Exercise objective: Of the material below, only the lines from the line containing "2015 Lincoln MKX Base" down to the line containing "807 S Atlantic" belong in the answer, written out exactly.

::: Records to process

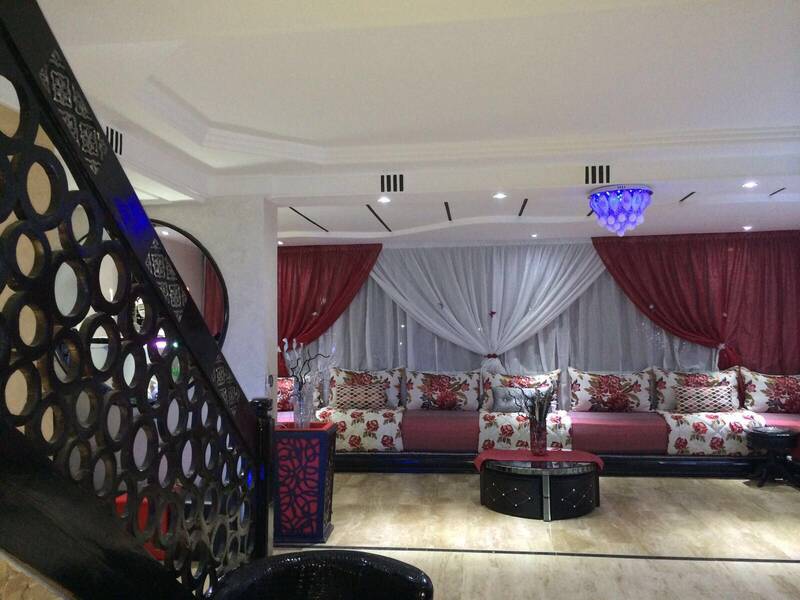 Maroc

::::::
::: Records to process

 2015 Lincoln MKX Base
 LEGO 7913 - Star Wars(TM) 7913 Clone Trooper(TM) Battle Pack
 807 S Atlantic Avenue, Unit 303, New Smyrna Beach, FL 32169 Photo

::::::
::: Records to process

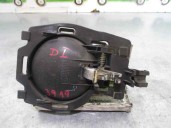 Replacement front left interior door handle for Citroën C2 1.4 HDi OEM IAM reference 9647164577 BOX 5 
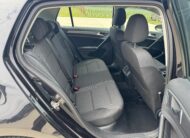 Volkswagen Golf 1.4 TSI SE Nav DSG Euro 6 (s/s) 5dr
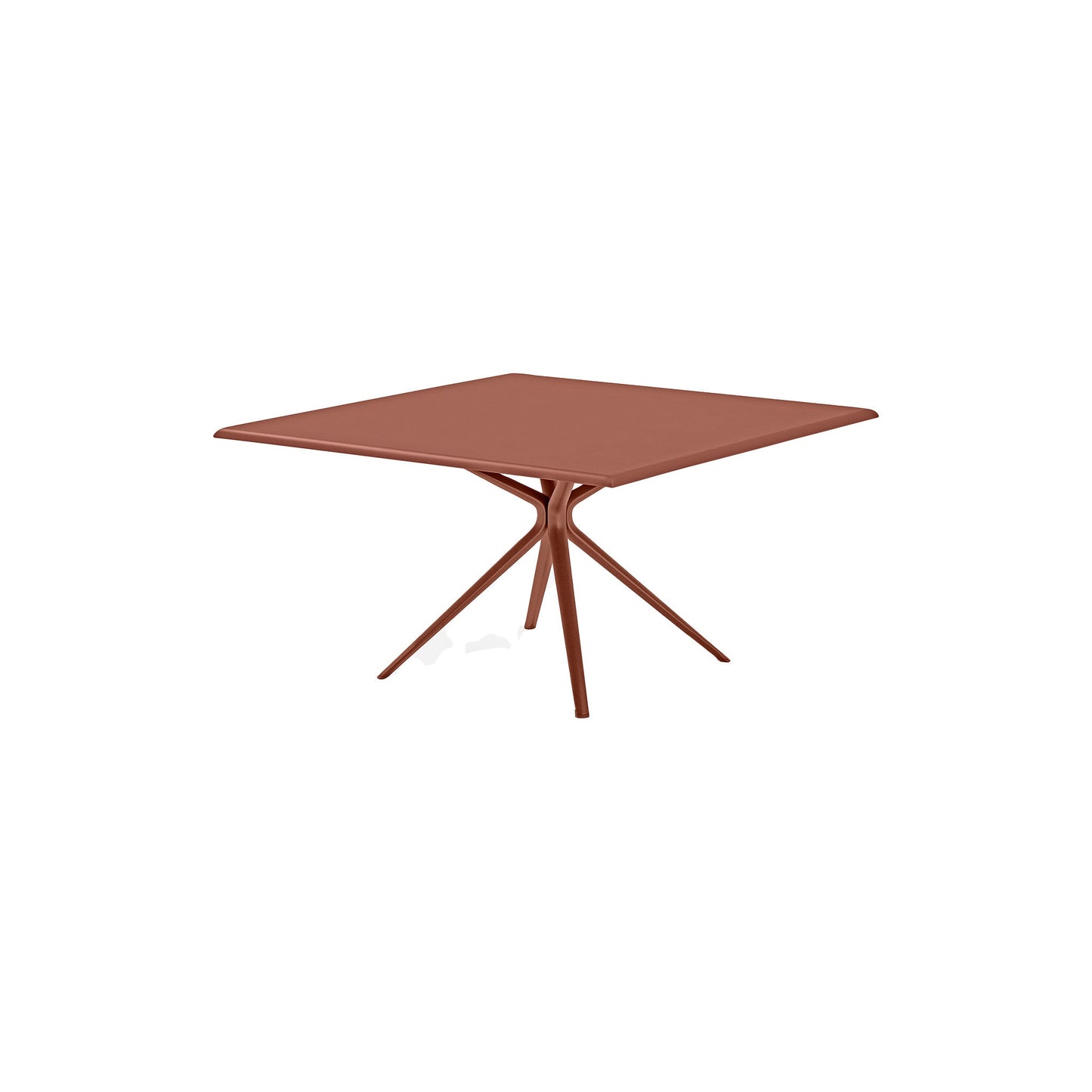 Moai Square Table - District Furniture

::::::

Solution:
 2015 Lincoln MKX Base
 LEGO 7913 - Star Wars(TM) 7913 Clone Trooper(TM) Battle Pack
 807 S Atlantic Avenue, Unit 303, New Smyrna Beach, FL 32169 Photo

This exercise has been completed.